6. Adaptive Temperature (1 constant)
Routing temperature
T = 1 / numChildrenSoftmax temperature in chain search adapts to the branching factor at each routing step. More children means more decisive routing to avoid probability dilution. For 5 children T=0.2, for 10 children T=0.1. This matches empirically effective ranges without imposing a fixed constant.
7. Display Preferences (2 constants)
GOOD_THRESHOLD — currently 0.7
What: Score at or above this is displayed in green with "Strong structural fit."
MODERATE_THRESHOLD — currently 0.4
What: Score at or above this is displayed in yellow with "Moderate structural fit." Below is red with "Weak structural fit."
Why they're here: These don't affect analysis — they only control terminal colors and verdict text. They're presentation preferences, not algorithmic thresholds.
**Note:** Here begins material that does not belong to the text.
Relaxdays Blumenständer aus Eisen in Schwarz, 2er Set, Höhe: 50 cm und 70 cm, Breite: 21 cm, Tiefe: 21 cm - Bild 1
How they resolve: Move to kural.config.json as user-configurable display settings. They stop being "unjustified constants in the algorithm" and become "UI defaults the user can change."
Summary
| Category | Count | Resolution |
|---|---|---|
Single tuning parameter (k) | 1 | User-controlled, governs all fences |
| Embedding weights (design intent) | 13 | Documented rationale, consistent pattern |
| Mathematical constants | 5 | Derived from formulas |
| Definitional constants | 4 | Follow from definitions |
| Self-calibrating from data | 7 | Fence or distribution stat computed at runtime via k |
| Adaptive | 1 | Computed per routing step from branching factor |
| Display preferences | 2 | Move to user config |
| Total | 33 | 1 tuning parameter, 0 unjustified constants |